ZIMBABWE GOVERNMENT has rejected any prospects of a Truth and Reconciliation Commissions, arguing such bodies were invalid.

This was revealed by Justice and Legal Affairs Minister Patrick Chinamasa who claimed evidence showed that such bodies failed to achieve anything in countries they were established.

Minister Chinamasa who is also a Zanu-PF politburo member, said this on Wednesday night during a public meeting organised by the Crisis Coalition in Zimbabwe.

He reiterated that calls for the Zimbabwe Human Rights Commission to investigate alleged human rights abuses since the colonial era would not help the country.

The meeting was held under the theme, "13th of February, 2009 ZHRC cut off date. A classic example of politically sponsored historical amnesia or a practical arrangement for a working human rights commission."

Representatives of the MDC formations also defended the cut off date that was set in the ZHRC Bill that was recently passed by the House of Assembly.

"We set up the organ on national healing and essentially we were saying it is far better to prevent conflict, to mediate and have early warning systems.

"Calls for a TRC are only good on paper, they have not done anything, look at South Africa, the victims are still there and the perpetrators are still moving free.

"It is very difficult to go back 500 years and get to the bottom of it (alleged crimes). Let us please expend our energies on the present and the future . . . those who want to rake up the past can do so, but we will see where it goes," Minister Chinamasa said.

He also said the country's criminal laws dealt with the majority of human rights abuses and said issues that should be up for discussion should be on strengthening police to fight crime.

"The majority of human rights violations are dealt with by criminal law, the rapes, indecent assaults, the house breakings, these are all human rights violations.

"The organisation on the forefront of combating human rights violations is the police, but they also need assistance in witnesses and other specifics.

"A lot of crimes are said to have been committed without any substantiation. If a crime has been committed the first port of call is not the newspaper but the police because by the time the story is published the evidence would be concealed. If there are problems with the police that is what we should investigate."

MDC-T spokesperson, Mr Douglas Mwonzora, said his party had supported the cut off date of February 13, 2009 as they believed the new constitution would provide mechanisms to deal with past crimes.

"It is possible that in the coming constitution we may have a TRC therefore we supported the ZHRC Bill.

"We must arrest injustice and we must make sure we arrest human rights abusers.
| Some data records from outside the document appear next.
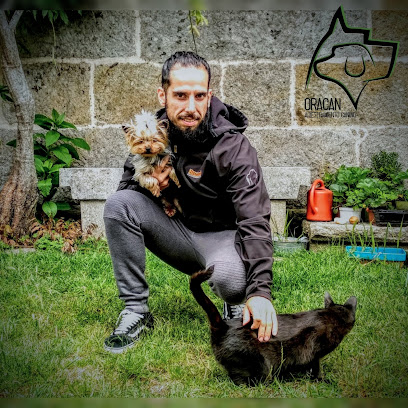 Oracan | Adiestradores de perros en Vigo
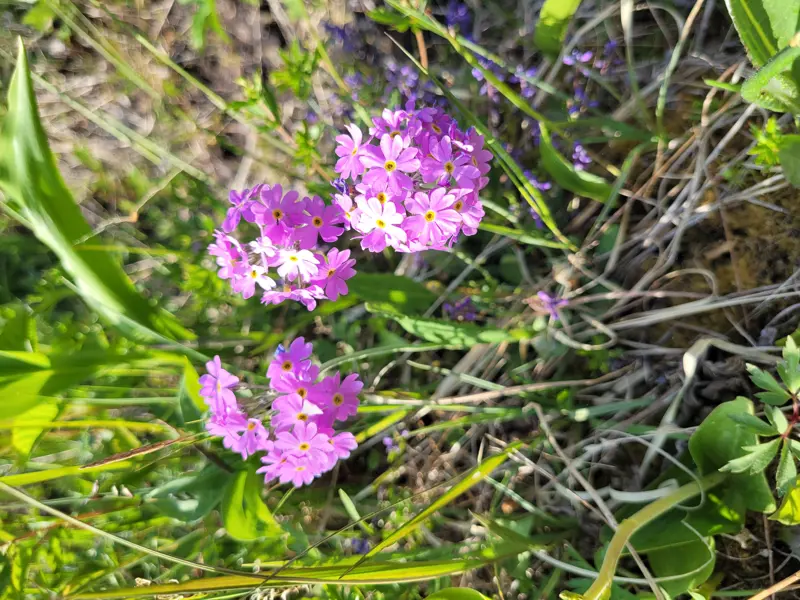 Lilarosa blomma bland grönt gräs. Foto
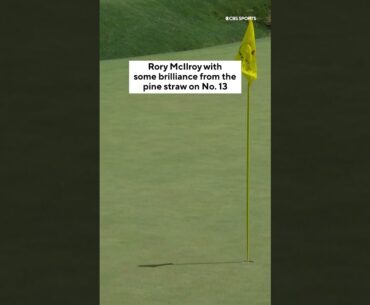 Rory McIlroy with an incredible shot from the pine straw #themasters #shorts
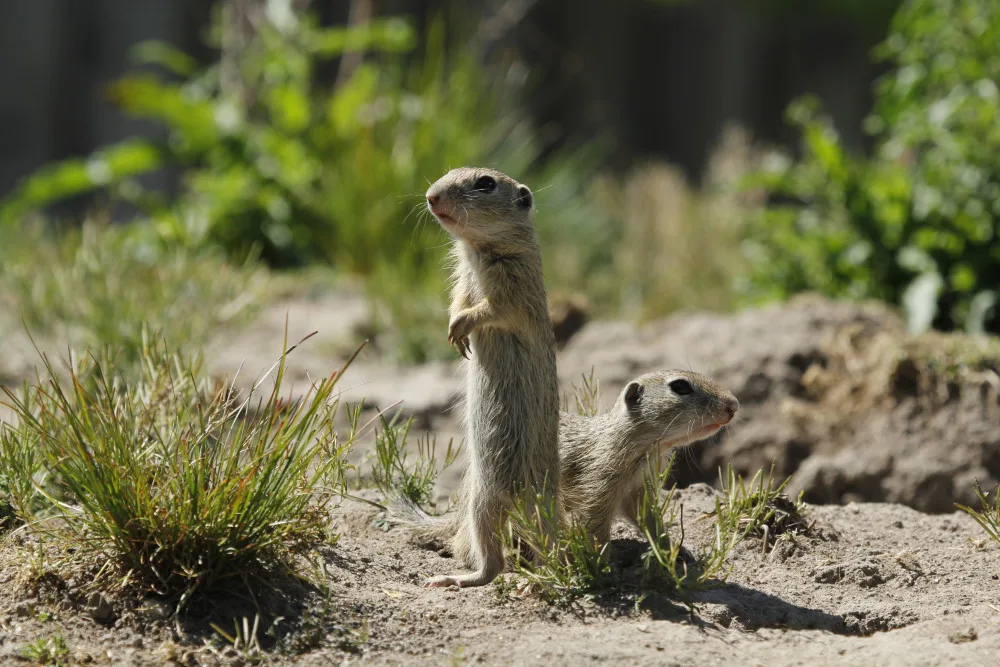 Zoo Hluboká pomáhá s návratem syslů do krajiny, na Strakonicku a v Českém středohoří vypustila dalších 95 jedinců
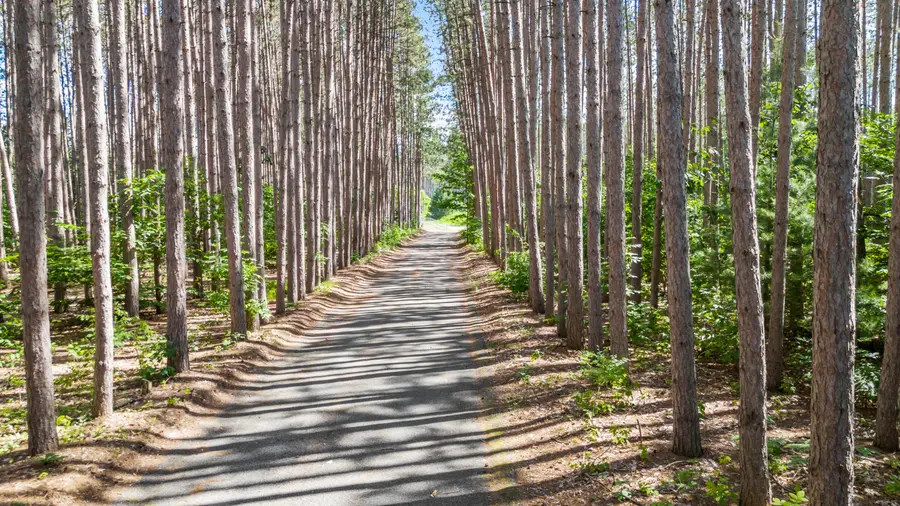 3914 135th Avenue, Hersey, MI 49639 - Image #3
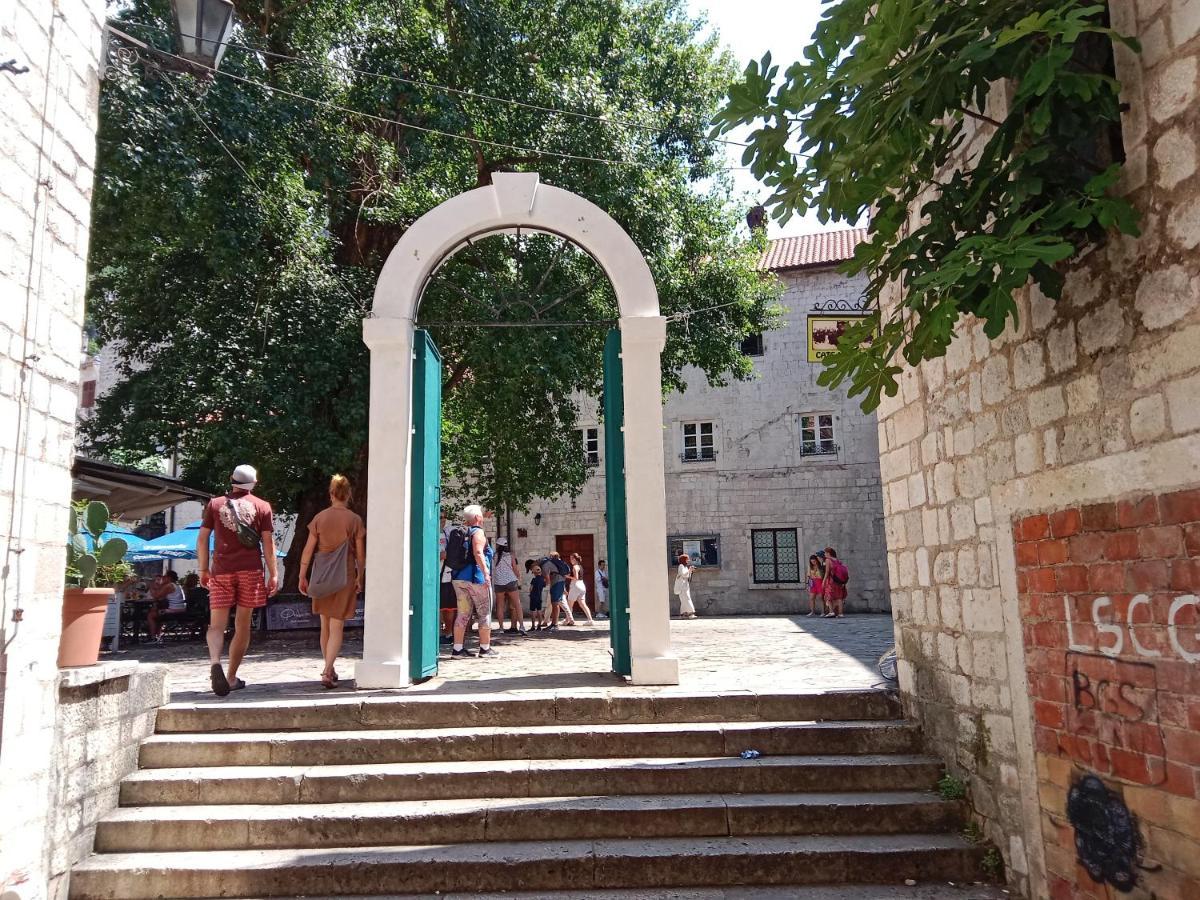 דירות קוטור Centar Starog Grada מראה חיצוני תמונה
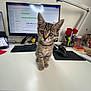 animal, cat, clean, closeup, computer_monitor, curious, desk, indoor, keyboard, kitten, lamp, looking_at_camera, mouse, office_supplies, pet, tabby, technology, white_surface, workstation, young_cat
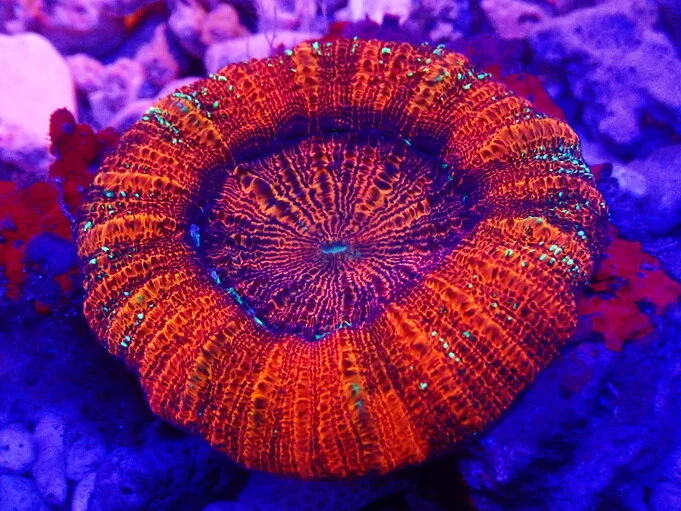 3Corals_1LPS_ (6).JPG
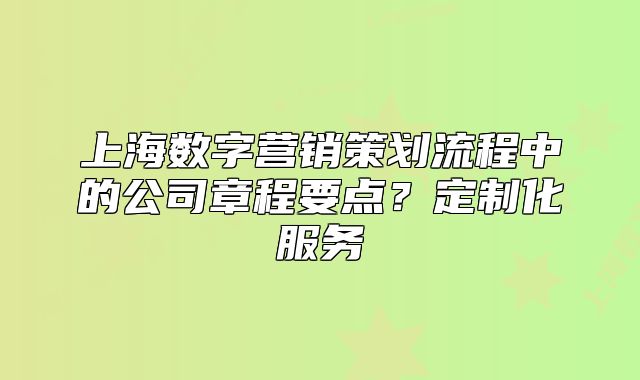 上海數(shù)字營(yíng)銷策劃流程中的公司章程要點(diǎn)？定制化服務(wù)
Why we agreed to the cut off date is that we are confident that there is another organ that is coming that will deal with that (past crimes)," he said.

Mr Mwonzora accused the police of partiality in dealing with human rights issues saying this had prompted the creation of the ZHRC.

MDC's director of policy and research coordination, Mr Qhubani Moyo, said his party agreed to the cut off date as it was the only practical way to deal with the issues under the current political dispensation.

"As Zimbabweans we need to be sincere and work constructively on what is in the best interests of our country.

"The current set up and the hung Parliament doesn't augur well for the extreme positions some of you want," he said.

The ZHRC Bill was passed in the House of Assembly last week as part of measures to operationalise work of the commission that was appointed in 2009.

The Bill has been on the table for over two years due to disagreements by the three political parties especially on the period from where it will start investigations into human rights abuses.